In Nurdagi, a city of around 40,000 nestled between snowy mountains some 35 miles (56 kilometers) from the epicenter of the quake, throngs of onlookers — mostly family members of people trapped inside — watched on Thursday as heavy machines ripped at one building which had collapsed, its floors pancaked together with little more than a few inches in between.
Mehmet Yilmaz, 67, watched from a distance as bulldozers and other demolition equipment began to bring down what remained of the building where six members of his family — including three children and a three-month-old baby — were trapped.
The operation there had become one not of rescue, but of demolition.

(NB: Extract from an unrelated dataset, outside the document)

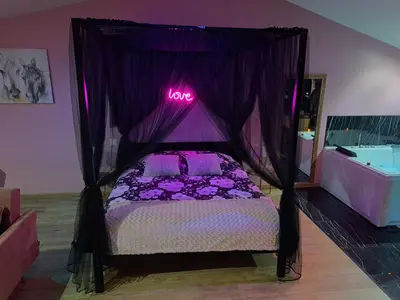 Un ou plusieurs lits dans un hébergement de l'établissement Loveroom - Les suites d'Élise - Suite Élise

“There’s no hope. We can’t give up our hope in God, but they entered the building with listening devices and dogs and there was nothing,” said Yilmaz. He hasn’t moved from his hopeful perch beside the building for three days.
He estimated about 80 people were still trapped within the collapsed structure, but said he didn’t believe any of them would be recovered alive.

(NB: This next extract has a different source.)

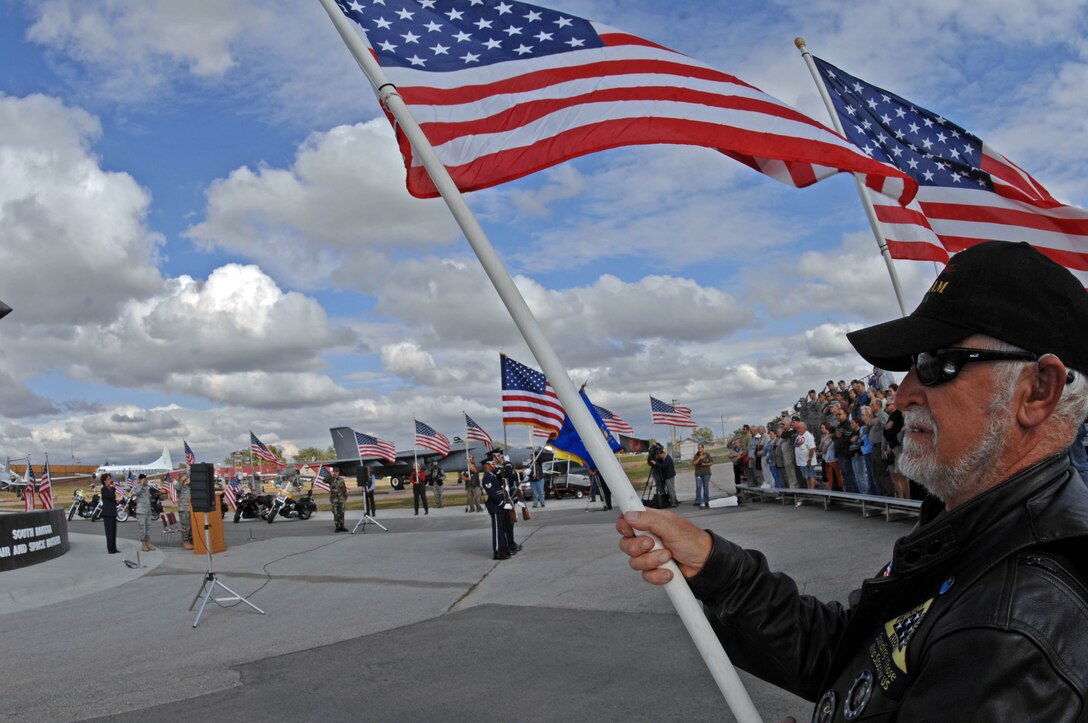 Curtis Eisemeraum, Patriot Guard rider, holds a flag at the South Dakota Air and Space Museum during the National Anthem at the 9/11 memorial on Sept. 11. The memorial ceremony was performed to honor those who lost their lives in the 9/11 tragedy and honor service members who have served and continue to serve since. (U.S. Air Force photo by Airman Corey Hook)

“The building looks like stacks of paper and cardboard, the fifth floor and the first floor have collided into one,” he said grimly, his eyes full of resignation.
Scarcely a building remains in Nurdagi that has not suffered major damage. In those where it was believed there could still be survivors, workers used pick axes, jackhammers and shovels to carefully chip away at the hunks of concrete and twisted knots of rebar in hopes of discovering a sign of life. In other buildings, like the one where Yilmaz’s family was trapped, it became more about recovery.
In Kahramanmaras, the nearest city to the earthquake’s epicenter, workers on Thursday continued to search for survivors, but most of their discoveries were comprised of the dead. Standing atop a tall mound of debris, three men reached into a crevice and pulled out a body wrapped in a red blanket, its bare feet protruding.
The body was placed in the bucket of a backhoe and slowly lowered to the ground.
One rescue worker was heard saying that his psychological state was in decline after days of searching, and that the smell of death among the rubble was becoming too much to bear.
Nearby, an indoor sports hall serves as a makeshift morgue to accommodate and identify bodies that were recovered from the debris. On the basketball court-sized floor of the hall lay dozens of bodies wrapped in blankets or black shrouds, at least one of which seemed to be the small body of a five or six-year-old child.
At the entrance to the morgue, a man wept aloud over a black body bag that lie next to another in the bed of a small truck.
“I’m 70 years old! God should have taken me, not my son!” he cried.
Erdal Usta, an assistant to the provincial prosecutor, said the bodies that are dug from the rubble are brought to the building and catalogued, and await identification by relatives who can then transport them to receive burial.
One woman, who did not wish to give her name, said she had brought the body of her father-in-law to the morgue to be formally registered as deceased. She and her family, she said, had dug the man out of the debris with their own hands, but he had been crushed in the collapse.
In Nurdagi, 67-year-old Mehmet Nasir Dusan sat in a chair watching as the remnants of a 9-floor building were brought down by excavators in billowing clouds of dust. He said he held no hope, either, of reuniting with his five family members trapped beneath the debris.
Still, he said, recovering their bodies would bring some small comfort.
“We’re not leaving this site until we can recover their bodies, even if it takes ten days,” he said. “My family is destroyed now.”